6.1. Job Identification Directives
Job identification directives allow you to identify characteristics of your jobs. These directives are voluntary, but strongly encouraged. The following table contains some useful job identification directives.
| Directive | Options | Description |
|---|---|---|
| -l application | application_name | Identify the application being used |
| -N | job_name | Name your job. |
-l application
Allows you to identify the application
being used by your job. To use this directive, add a line in the following form to
your batch script:
#PBS -l application=application_name
or
qsub -l application=application_name
-N job_name
Allows you to designate a name
for your job. In addition to being easier to remember than a numeric job ID, the PBS
environment variable, $PBS_JOBNAME, inherits this value and can be used
instead of the job ID to create job-specific output directories. For example:
qsub -N job_20 run.pbs
6.2. Job Environment Directives
Job environment directives allow you to control the environment in which your script will operate. The following table contains a few useful job environment directives.
| Directive | Options | Description |
|---|---|---|
-I |
Request an interactive batch shell. | |
-V |
Export all environment variables to the job. | |
-v |
variable_list |
Export specific environment variables to the job. |
-I
Allows you to request an interactive batch shell.
Within that shell, you can perform normal Unix commands, including launching parallel
jobs. Adding -I to the qsub command-line queues an interactive batch job.
For example:
qsub -l select=ncpus=16:mpiprocs=16 -l walltime=00:30:00 -q debug -I
-V
Tells PBS to export all of the environment
variables from your login environment to the environment in which your script will run.
For example:
qsub -V run.pbs
-v
Tells PBS to export specific environment
variables from your login environment to the environment in which your script will run.
For example:
qsub -v DISPLAY run.pbs
or
qsub -v my_variable=my_value
6.3. Reporting Directives
Reporting directives allow you to control what happens to standard output and standard error messages generated by your script. They also allow you to specify e-mail options to be executed at the beginning and end of your job.
Redirecting Stdout and Stderr
By default, messages written to stdout and stderr are
captured for you in files named x.ojob_id and x.ejob_id,
where x is either the name of the script or the name specified with the
-N directive, and job_id is the ID of the job.
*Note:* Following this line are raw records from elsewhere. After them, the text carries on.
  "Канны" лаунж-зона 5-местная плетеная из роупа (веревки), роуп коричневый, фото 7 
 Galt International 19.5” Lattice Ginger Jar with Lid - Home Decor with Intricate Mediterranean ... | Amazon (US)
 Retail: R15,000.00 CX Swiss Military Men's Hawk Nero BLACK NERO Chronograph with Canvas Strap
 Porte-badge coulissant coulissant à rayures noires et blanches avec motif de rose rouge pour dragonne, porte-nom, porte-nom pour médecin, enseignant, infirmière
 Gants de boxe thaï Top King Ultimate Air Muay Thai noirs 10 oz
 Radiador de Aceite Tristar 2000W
If you want
to change this behavior, the -o and -e directives allow you
to redirect stdout and stderr messages to different named files. The -j
directive allows you to combine stdout and stderr into the same file.
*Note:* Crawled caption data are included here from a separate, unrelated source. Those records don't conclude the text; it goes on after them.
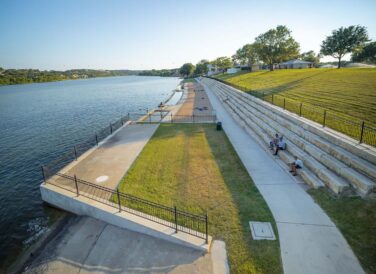 side view Marble Falls Park and sand shoreline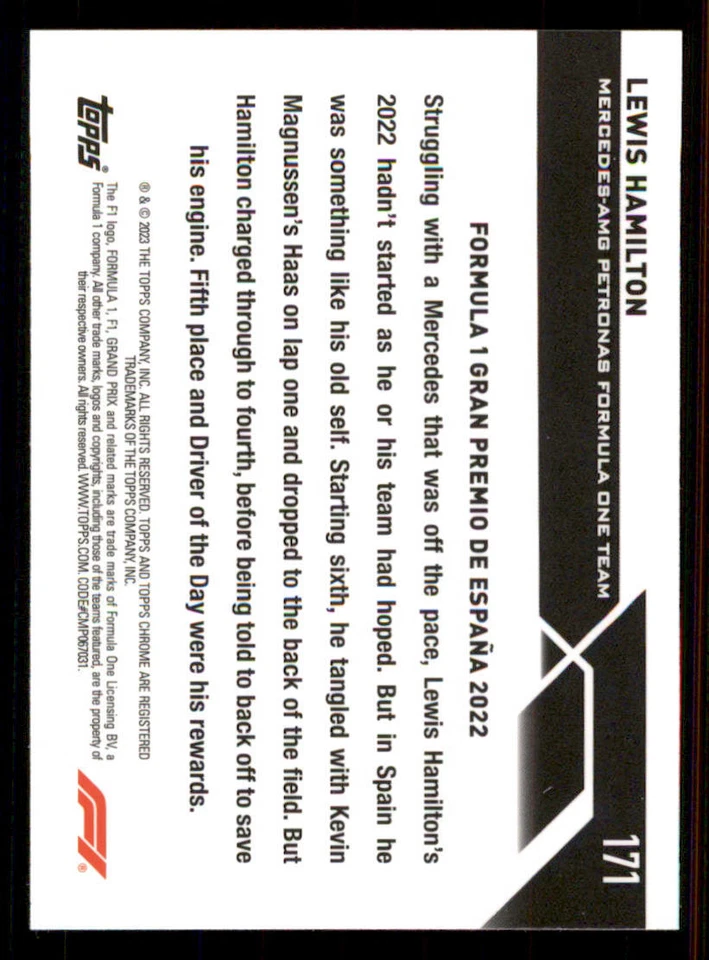 2023 Topps Chrome Formula 1 #171 Lewis Hamilton DOD - Image 2 of 2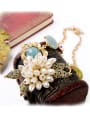 thumb Alloy Gold Plated Luxury Pearl Flower Sweater Necklace 2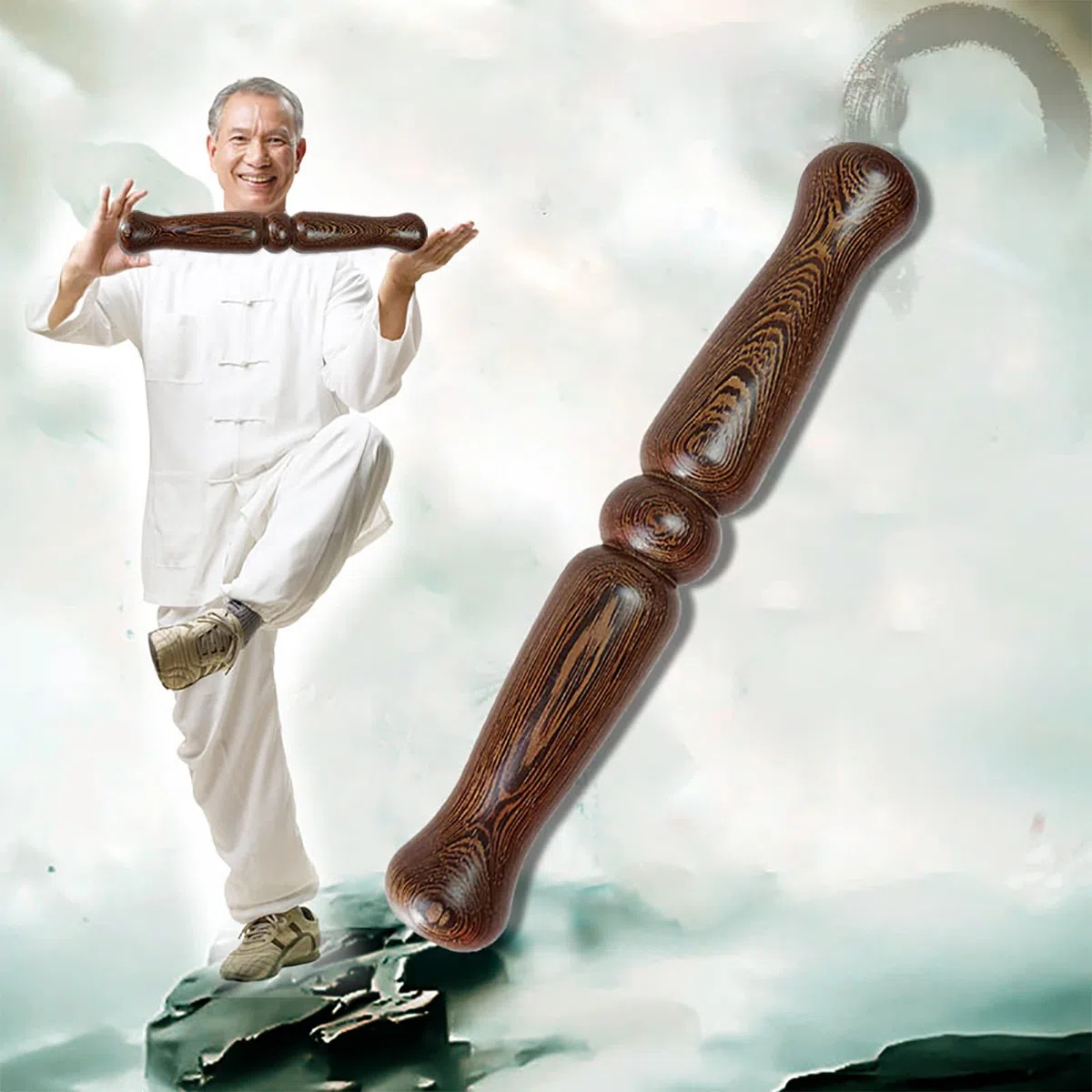 Bâton de Tai Chi Sticks de Formation Chinois Qigong Tai Chi, 32/42 Cm de Long Souverain D'arts Martiaux en Bois Massif Lisse, Économisez Des Équipements D'exercice Taiji Taiji Rod, Courbe Parfaite ( S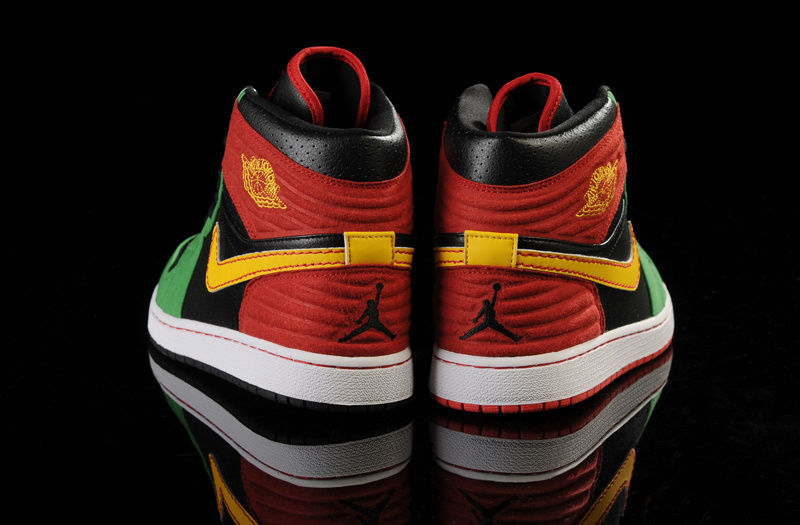 Air Jordan 1 Men Shoes Black/Red/ Yellow/Darkgreen Online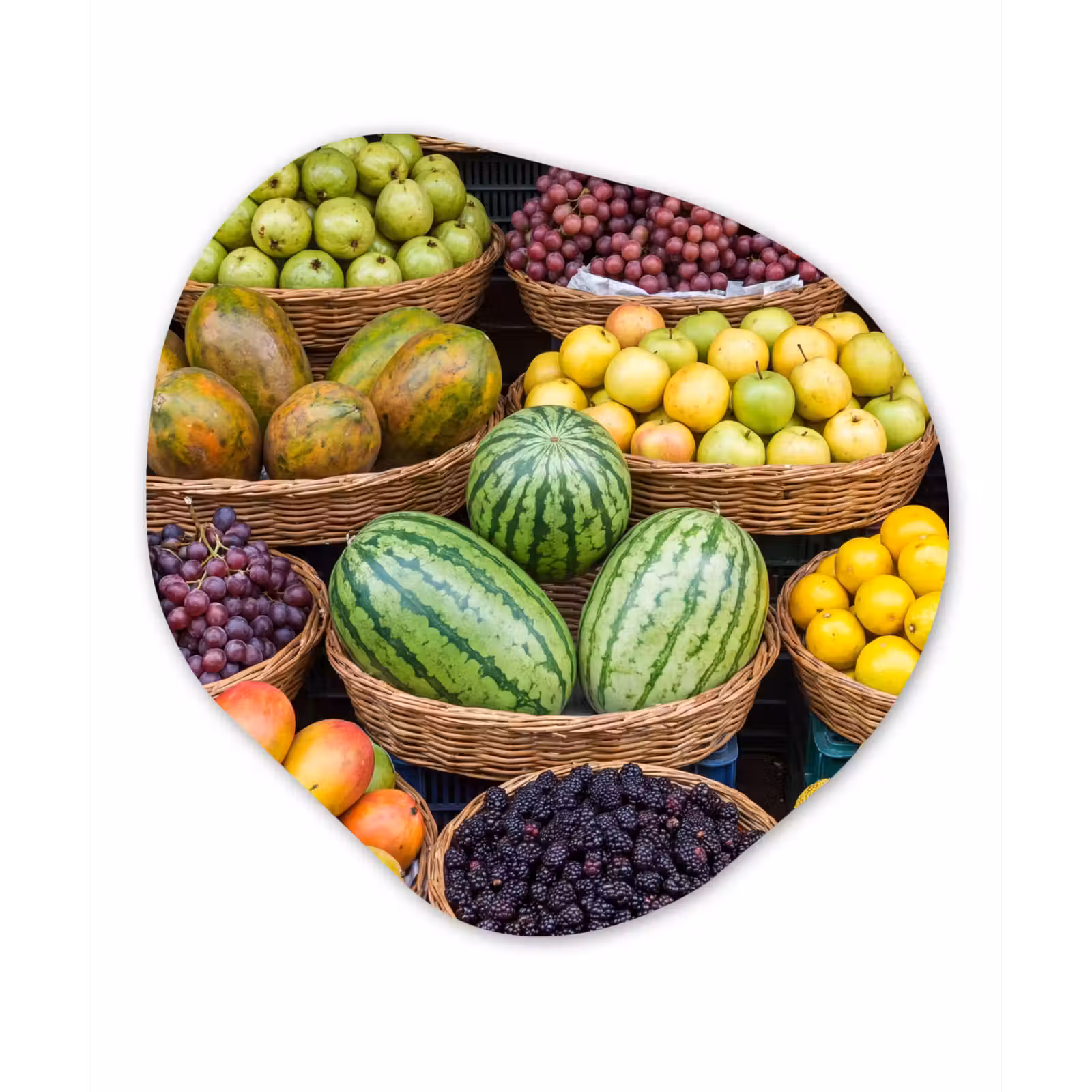 Organisch schilderij forex - Fruit - Markt - Kleurrijk - Fruit - Markt - Kleurrijk Wandcirkel Organisch Forex 3mm klein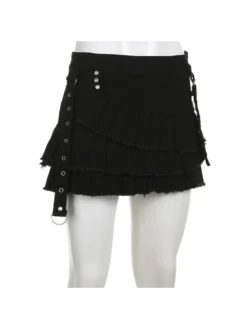 2023 Dark Style Black Women's Short Skirt -Bambam Clothing Shop P 20230303181531623 353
| Directive | Options | Description |
|---|---|---|
-e |
File name |
Define standard error file. |
-o |
File name |
Define standard output file. |
-j |
oe |
Stderr and stdout are merged into stdout. |
-j |
eo |
Stderr and stdout are merged into stderr. |
Setting Up E-mail Alerts
Many users want to be notified when their jobs begin and end. The -mb
and -me directives make this possible. If you use these directives, you
will also need to supply the -M directive with one or more e-mail addresses
to be used.
| Directive | Options | Description |
|---|---|---|
-m |
b |
Send e-mail when the job begins. |
-m |
e |
Send e-mail when the job ends. |
-M |
E-mail address(es) |
Send mail to address(es). |
Example:
#PBS -m be #PBS -M joesmith@gmail.com,joe.smith@us.army.mil
6.4. Job Dependency Directives
Job dependency directives allow you to specify dependencies that your job may have on other jobs. These directives will generally take the following form:
#PBS -W depend=dependency_expression
where dependency_expression is a comma-delimited list of one
or more dependencies, and each dependency is of the form:
type:jobid[:jobid...]
where type is one of the directives listed below, and jobid[:jobid...]
is a list of one or more job IDs that your job is dependent upon.
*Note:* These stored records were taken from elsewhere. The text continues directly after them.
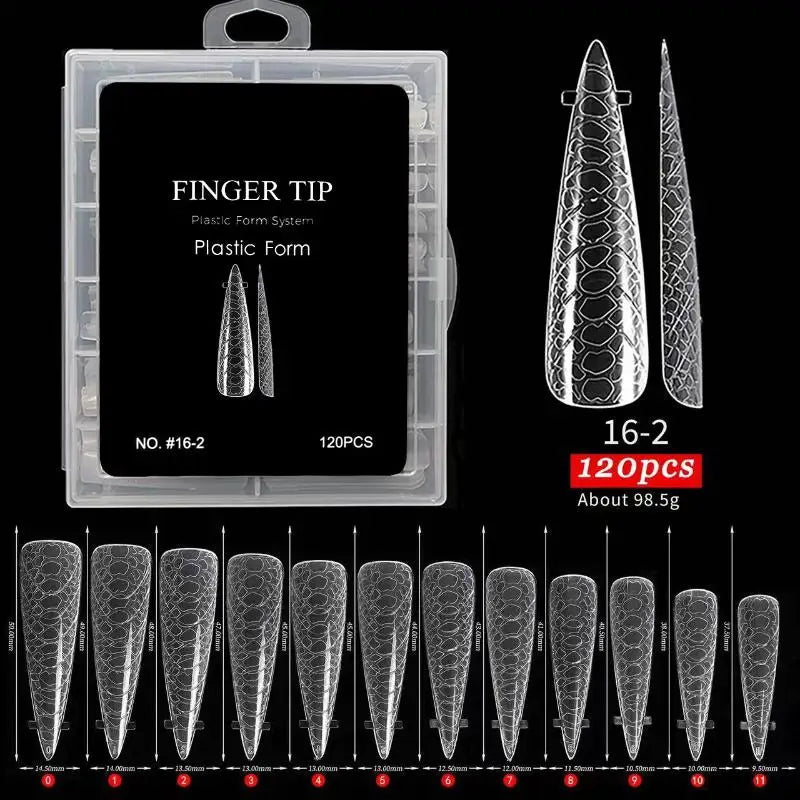 Clear Curved Stiletto False Nail Tips Eagle Claw 120/140 Pcs False Nail Tips Qst A16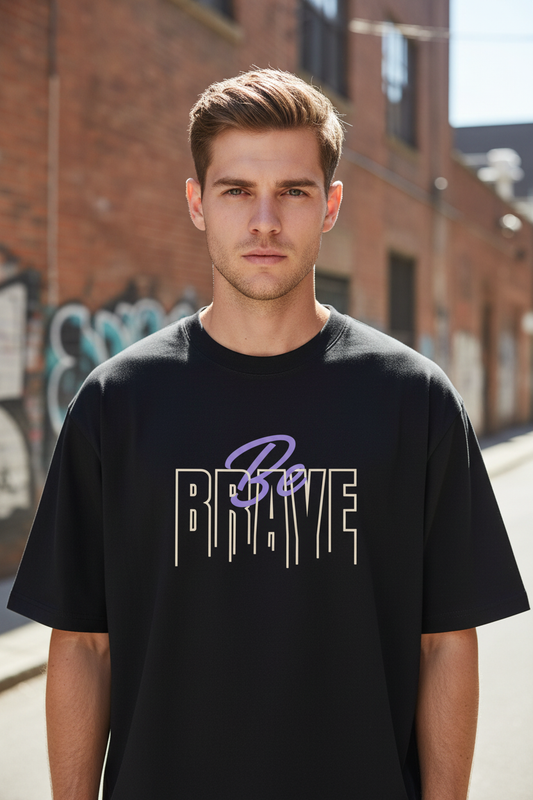 Male model wearing Be Brave oversized t-shirt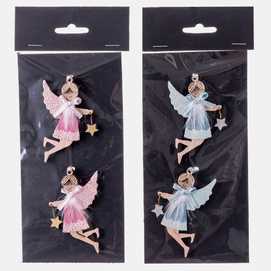 S/2 COLGANTE ÁNGEL MADERA 2/C 5 X 0,80 X 8 CM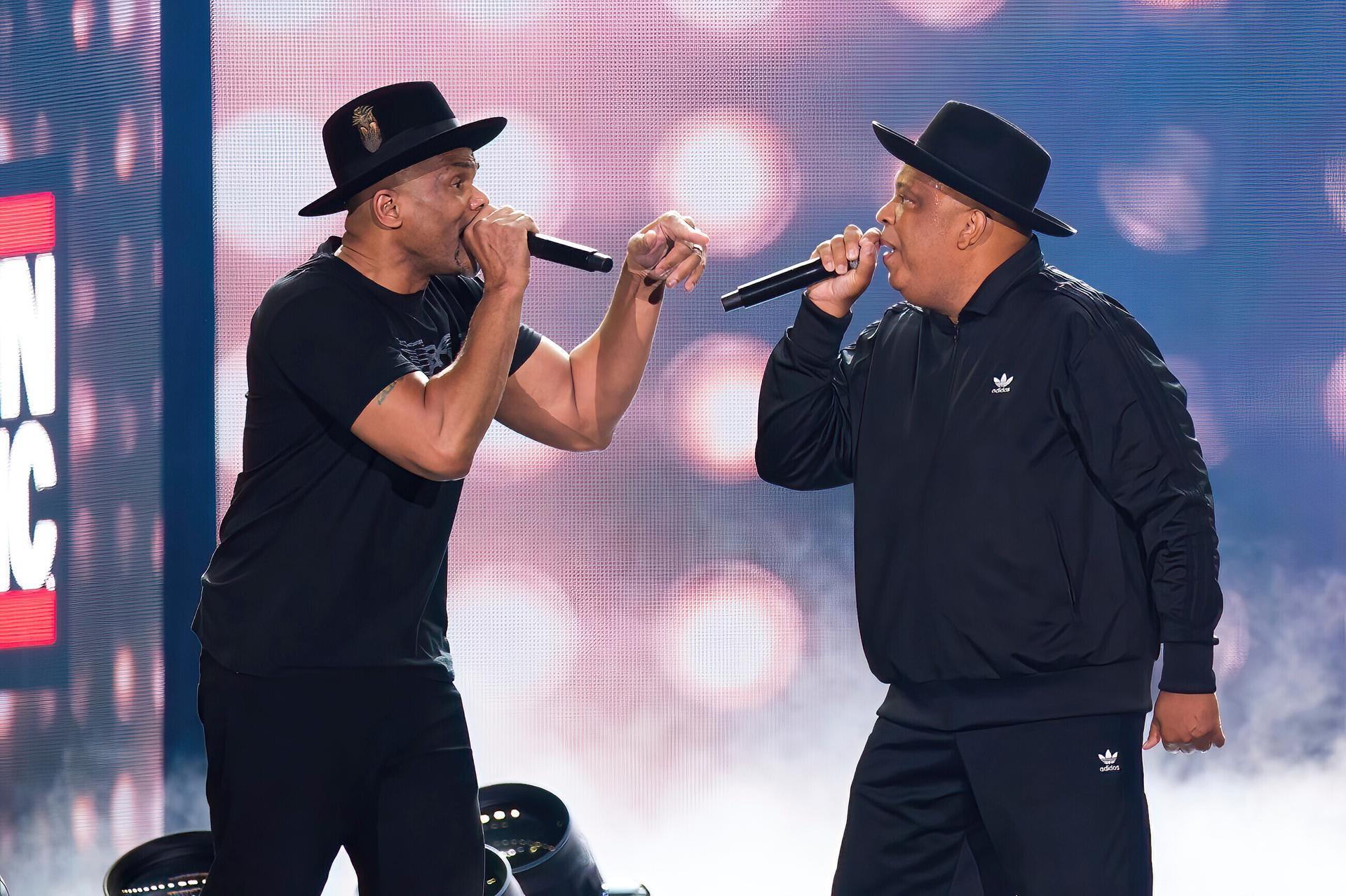 Rappers Darryl McDaniels, left, and Joseph Simmons of Run DMC perform at Hip-Hop 50 Live, celebrating 50 years of hip-hop at Yankee Stadium in the Bronx, New York, Aug. 11, 2023.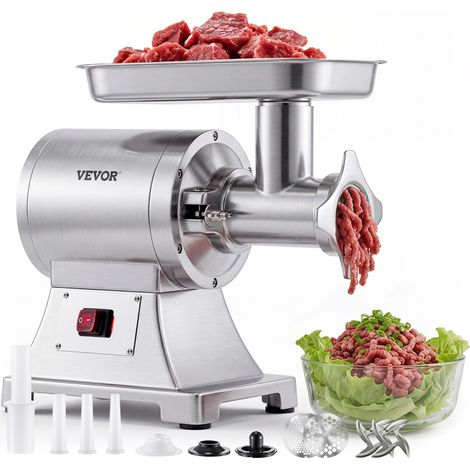Hachoir à Viande Électrique Professionnel, Machine à Hacher la Viande 4,2 kg/min, pour Steak Haché Tartare Farce Saucisses Boucherie Restaurant, 750 W, avec 2 Plaques 3 Entonnoirs et Kit à Kébbé (1/5)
| Directive | Description |
|---|---|
after |
Execute this job after listed jobs have begun. |
afterok |
Execute this job after listed jobs have terminated without error. |
afternotok |
Execute this job after listed jobs have terminated with an error. |
afterany |
Execute this job after listed jobs have terminated for any reason. |
before |
Listed jobs may be run after this job begins execution. |
beforeok |
Listed jobs may be run after this job terminates without error. |
beforenotok |
Listed jobs may be run after this job terminates with an error. |
beforeany |
Listed jobs may be run after this job terminates for any reason. |
Example: run a job after completion (success or failure) of job ID 1234:
#PBS -W depend=afterany:1234
Example: run a job after successful completion of job ID 1234:
#PBS -W depend=afterok:1234
For more information about job dependencies, see the qsub man page.
6.5. AFRL DSRC Directives
The following directives are optional on AFRL PBS installations.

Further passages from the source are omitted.